The Thunder fought hard to beat several veteran teams on their way to the Finals such as the Dallas Mavericks, Los Angeles Lakers and San Antonio Spurs, but it is clear that Miami was just too much Heat for them to handle.

The Heat’s road to the Finals wasn’t one easily paved either. Although they showed no adversity getting by the Knicks in the first round, the ones to follow gave them trouble. The Pacers gave them everything they got when they demolished Miami by 19 points to take a 2-1 series lead. This would be the last game the Pacers win in the series.

At this time, Chalmers was the leading scorer for their team and Joel Anthony was the third. Wade had one of the worst games with 5 points (2-13 FG) while Chris Bosh was out with an injury that would sideline him for the next seven games.

Like always, Lebron received much of the criticism and people began to doubt him when he couldn’t help his team win a crucial Game 3. Despite the criticism, Lebron led the Heat to a 101-93 win in Game 4 after finishing with 40 points, 18 rebounds and 9 assists.

Miami faced some obstacles in the next series as well against the Boston Celtics. Panic and doubt surrounded the Heat as they lost their third straight game with Boston taking a 3-2 series lead.

The Heat had lost at home in an inexcusable fourth-quarter performance and their team was scrutinized for their lack of effort.

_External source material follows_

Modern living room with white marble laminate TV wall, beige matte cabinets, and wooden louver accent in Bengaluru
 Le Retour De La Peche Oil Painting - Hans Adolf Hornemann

Fans began picking apart their team for the sake of their future wondering if Spoelstra will get fired, or who will get traded away, Bosh or Wade. Everyone continued to criticize Lebron for his poor fourth quarter performances and lack of leadership.

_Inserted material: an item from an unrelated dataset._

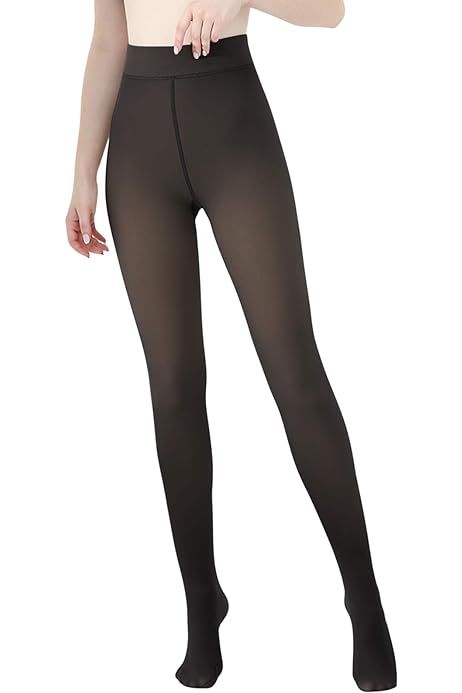 Women's Winter Tights Fleece Lined Pantyhose Opaque Warm Leggings Thicken Fake Translucent Tights... | Amazon (CA)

Despite the criticism once again, the Heat would prevail and win Game 5 by 19 points. In elimination games where Lebron and the Heat were expected to fail, they played hard and put on a great enough performance to get the job done and silence their critics. For the people who continuously criticized Lebron for not being able to “carry his team,” in Game 5, he shot 73% from the field and besides Wade, he was the only Miami player to score in double figures.

Lastly, in their final series versus the young and hungry Oklahoma City Thunder in the Finals, the Heat had a much easier time than people predicted. Lebron played like a Finals MVP should with another Hall of Fame worthy performance, finishing his MVP season off with a triple double. He also continued his streak of 25+ points in a game, a streak he began 15 games ago during Game 4 of the Eastern Conference Semifinals.

By his critics, Lebron is often called a “choker,” but in this playoff run, with his spectacular performances under the pressure of elimination in each series, he prevailed with great effort to prove everyone wrong. That doesn’t look like choking to me.

During “The Decision,” Lebron promised quite a few championships, “not one, not two, not three, etc;” although we can’t be sure that Lebron can keep that promise, there is one thing we can be sure about: for the first time in his NBA career, Lebron can be called a champion.